EXERCISE INSTRUCTIONS »
Beginning with the line below that contains "Mazıdağı’nda Feci Kaza: Kadın" and ending with the line that contains "منتزه السلام من أفخم بحيرات الرياض", retype every line exactly. Pictures are not copied.

BEGIN DATA SHOWN

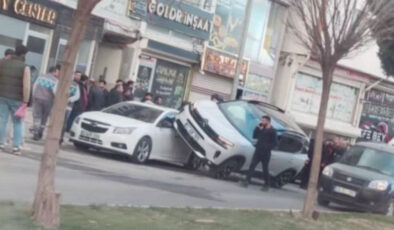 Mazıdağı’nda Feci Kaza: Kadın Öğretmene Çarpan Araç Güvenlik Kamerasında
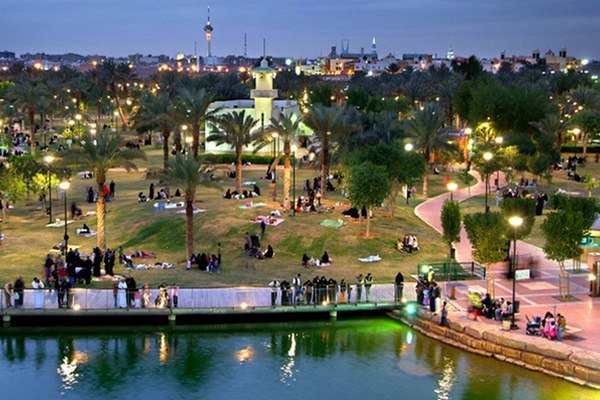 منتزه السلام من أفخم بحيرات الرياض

END DATA SHOWN
BEGIN DATA SHOWN

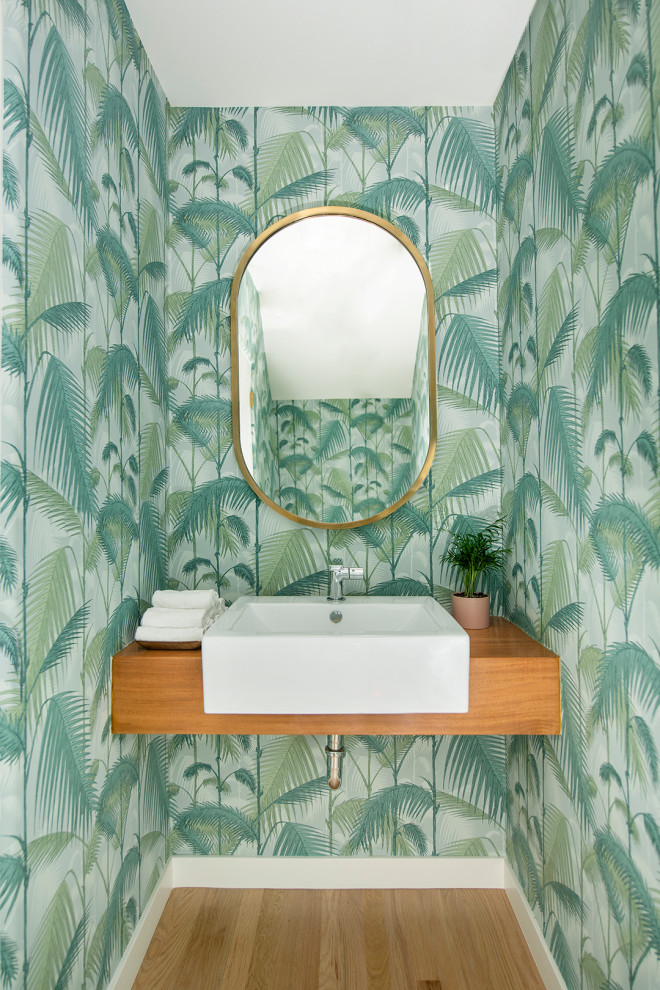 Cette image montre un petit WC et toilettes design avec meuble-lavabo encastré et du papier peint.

END DATA SHOWN
BEGIN DATA SHOWN

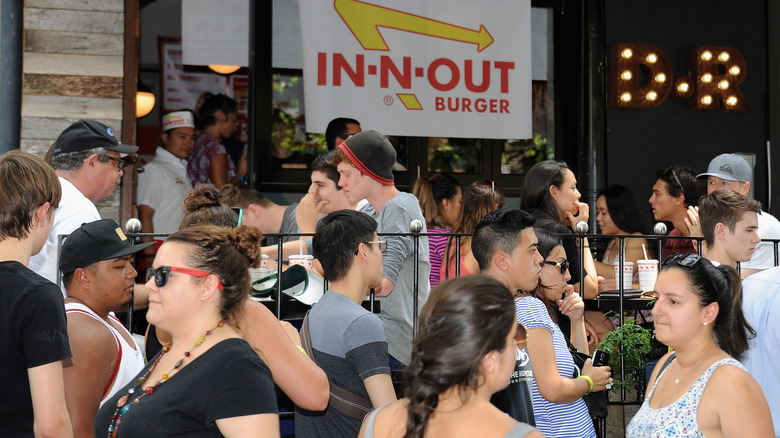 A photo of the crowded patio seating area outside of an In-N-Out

END DATA SHOWN

TASK RESPONSE »
 Mazıdağı’nda Feci Kaza: Kadın Öğretmene Çarpan Araç Güvenlik Kamerasında
 منتزه السلام من أفخم بحيرات الرياض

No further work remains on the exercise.